WORK INSTRUCTIONS: Please set down, exactly as written, the line containing "Étiquette do-it-yourself Faux" and every line after it through the end of the records.

PROVIDED DATA:
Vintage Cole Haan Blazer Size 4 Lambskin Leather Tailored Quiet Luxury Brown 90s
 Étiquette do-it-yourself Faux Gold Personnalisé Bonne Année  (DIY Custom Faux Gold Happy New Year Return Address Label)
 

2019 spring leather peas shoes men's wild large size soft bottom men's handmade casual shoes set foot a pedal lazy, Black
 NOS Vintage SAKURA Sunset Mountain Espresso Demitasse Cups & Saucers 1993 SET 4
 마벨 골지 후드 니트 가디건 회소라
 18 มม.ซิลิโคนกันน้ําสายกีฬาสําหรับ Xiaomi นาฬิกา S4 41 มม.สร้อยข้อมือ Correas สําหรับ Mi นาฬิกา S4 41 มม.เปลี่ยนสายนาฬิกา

ANSWER:
 Étiquette do-it-yourself Faux Gold Personnalisé Bonne Année  (DIY Custom Faux Gold Happy New Year Return Address Label)
 

2019 spring leather peas shoes men's wild large size soft bottom men's handmade casual shoes set foot a pedal lazy, Black
 NOS Vintage SAKURA Sunset Mountain Espresso Demitasse Cups & Saucers 1993 SET 4
 마벨 골지 후드 니트 가디건 회소라
 18 มม.ซิลิโคนกันน้ําสายกีฬาสําหรับ Xiaomi นาฬิกา S4 41 มม.สร้อยข้อมือ Correas สําหรับ Mi นาฬิกา S4 41 มม.เปลี่ยนสายนาฬิกา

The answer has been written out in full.